The problem
For each line below that holds the word "using", make a copy.

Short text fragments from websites

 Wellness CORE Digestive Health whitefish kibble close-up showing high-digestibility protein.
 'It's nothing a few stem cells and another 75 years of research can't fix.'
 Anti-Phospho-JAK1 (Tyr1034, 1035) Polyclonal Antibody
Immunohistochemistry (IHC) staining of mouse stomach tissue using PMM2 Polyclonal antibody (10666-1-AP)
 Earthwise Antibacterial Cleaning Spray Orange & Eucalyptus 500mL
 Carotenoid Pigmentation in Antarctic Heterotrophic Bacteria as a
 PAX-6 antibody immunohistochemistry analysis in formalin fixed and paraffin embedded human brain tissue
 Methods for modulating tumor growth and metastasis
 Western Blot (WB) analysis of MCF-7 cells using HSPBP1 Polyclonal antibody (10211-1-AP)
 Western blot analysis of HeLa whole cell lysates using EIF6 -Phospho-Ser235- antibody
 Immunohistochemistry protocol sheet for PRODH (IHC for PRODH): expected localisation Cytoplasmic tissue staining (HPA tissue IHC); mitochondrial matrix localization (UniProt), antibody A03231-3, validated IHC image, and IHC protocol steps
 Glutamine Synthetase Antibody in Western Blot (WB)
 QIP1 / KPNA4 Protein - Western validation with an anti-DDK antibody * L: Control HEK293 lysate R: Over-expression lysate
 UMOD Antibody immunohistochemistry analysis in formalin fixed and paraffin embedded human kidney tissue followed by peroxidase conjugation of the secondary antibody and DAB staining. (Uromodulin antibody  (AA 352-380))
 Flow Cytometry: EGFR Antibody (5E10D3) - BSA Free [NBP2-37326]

Written reply
Immunohistochemistry (IHC) staining of mouse stomach tissue using PMM2 Polyclonal antibody (10666-1-AP)
 Western Blot (WB) analysis of MCF-7 cells using HSPBP1 Polyclonal antibody (10211-1-AP)
 Western blot analysis of HeLa whole cell lysates using EIF6 -Phospho-Ser235- antibody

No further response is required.